Pascale Anglade, qui pratique la médecine en Caroline-du-Nord, était à Haïti avec sa famille à l'occasion du temps des Fêtes. Elle a quitté la capitale il y a 10 jours.

Elle a su assez tôt que ses parents étaient vivants sous les décombres mais que les voisins n'arrivaient pas à les dégager. «Je sais ce qui arrive aux gens coincés sous des décombres après 12 heures. C'est horrible.»

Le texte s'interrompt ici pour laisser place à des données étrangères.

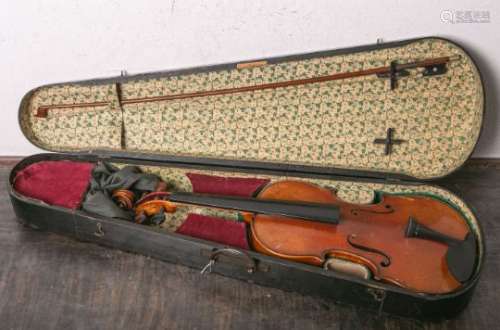 Alte Geige m. Geigenbogen, im orig. Holzkasten. Ohne Saiten, guter Zustand.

C'est en fin de journée que la médecin - qui a travaillé aux urgences de l'Hôpital de New York après les attentats du 11 septembre - a appris la mort de ses proches. «Les gens doivent savoir que la situation est catastrophique là-bas», a-t-elle tenu à nous dire.

«Je me sens coupable»

De nombreux Montréalais sans nouvelles de leur famille en Haïti se meurent d'inquiétude.

«Je me sens coupable», dit la Montréalaise d'origine haïtienne Mildrid Bien-Aimé. Elle a réussi à décoller de Port-au-Prince une heure après la première secousse, mardi soir, alors que son père et sa soeur étaient sous les décombres.

«Si j'avais eu le choix, je serais restée là-bas avec eux. Je ne comprends pas pourquoi j'ai eu la chance de partir», dit-elle. La femme de 32 ans a eu des nouvelles de sa soeur à 5h hier matin. «Elle a eu le temps de me dire qu'elle était blessée et qu'elle avait les genoux enflés, mais la ligne téléphonique a coupé.»

L'éducatrice a trois autres soeurs, qui vivent à Ottawa. L'une d'elles parlait au téléphone avec son père quand la terre a tremblé. «Il a raccroché, indique Mildrid, qui n'a pas de nouvelles depuis. Il venait juste de me conduire à l'aéroport.»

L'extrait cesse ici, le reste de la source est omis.